From the fair power
and the embrace of Jove
Pandeia sprung, the fruit of secret love:
Pandeia, bless’d with charms of form and face,
The first and fairest mid the immortal race.
– Ode to the Moon, by Homer

This weekend the Moon broadens to show us Her full face, and
at the same time, the Sun will align so that the Earth’s shadow will turn Her
red. (In other words, a lunar eclipse.) In honor of that relatively uncommon
event, this week’s post is about the daughter of Selene, Pandeia.

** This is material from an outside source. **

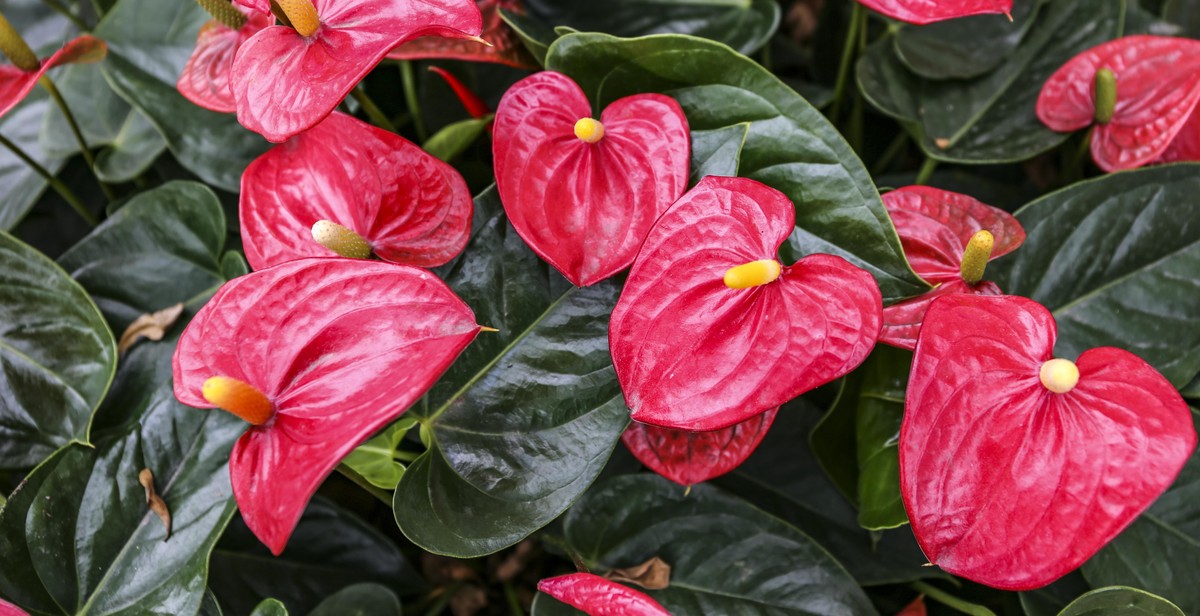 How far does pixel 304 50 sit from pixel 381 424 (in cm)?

Daughter of Zeus and Selene. The Homeric Hymns tell us that She
is surpassingly beautiful. We learn from Virgil that she slept with Pan (though
this may be play on the similarities of their names.)

Some texts list Nemeia (a nymph of a spring near the town of
Nemea) or Ersa (the Goddess of the morning dew) with Her same pedigree, and it
is unclear as to whether these are other sisters (as Robert Bell posits) or if
they are the same or if they are differing traditions from different poleis.

There aren’t any surviving stories of Pandeia, just a few
scant mentions of Her being the daughter of the son of Kronos and the Moon. Theoi
speculates that She is a Moon Goddess in Her own right as well as being the
same as Ersa. Robert Parker seems to agree that Pandeia is a Goddess of the
Moon, though he does not describe his reasoning.  Her inclusion in the Homeric Ode above seems
to lend weight to the idea.

There simply is too little that has survived to tell us
about Her cultus. Perhaps there remains an opportunity for someone to rebuild it today. 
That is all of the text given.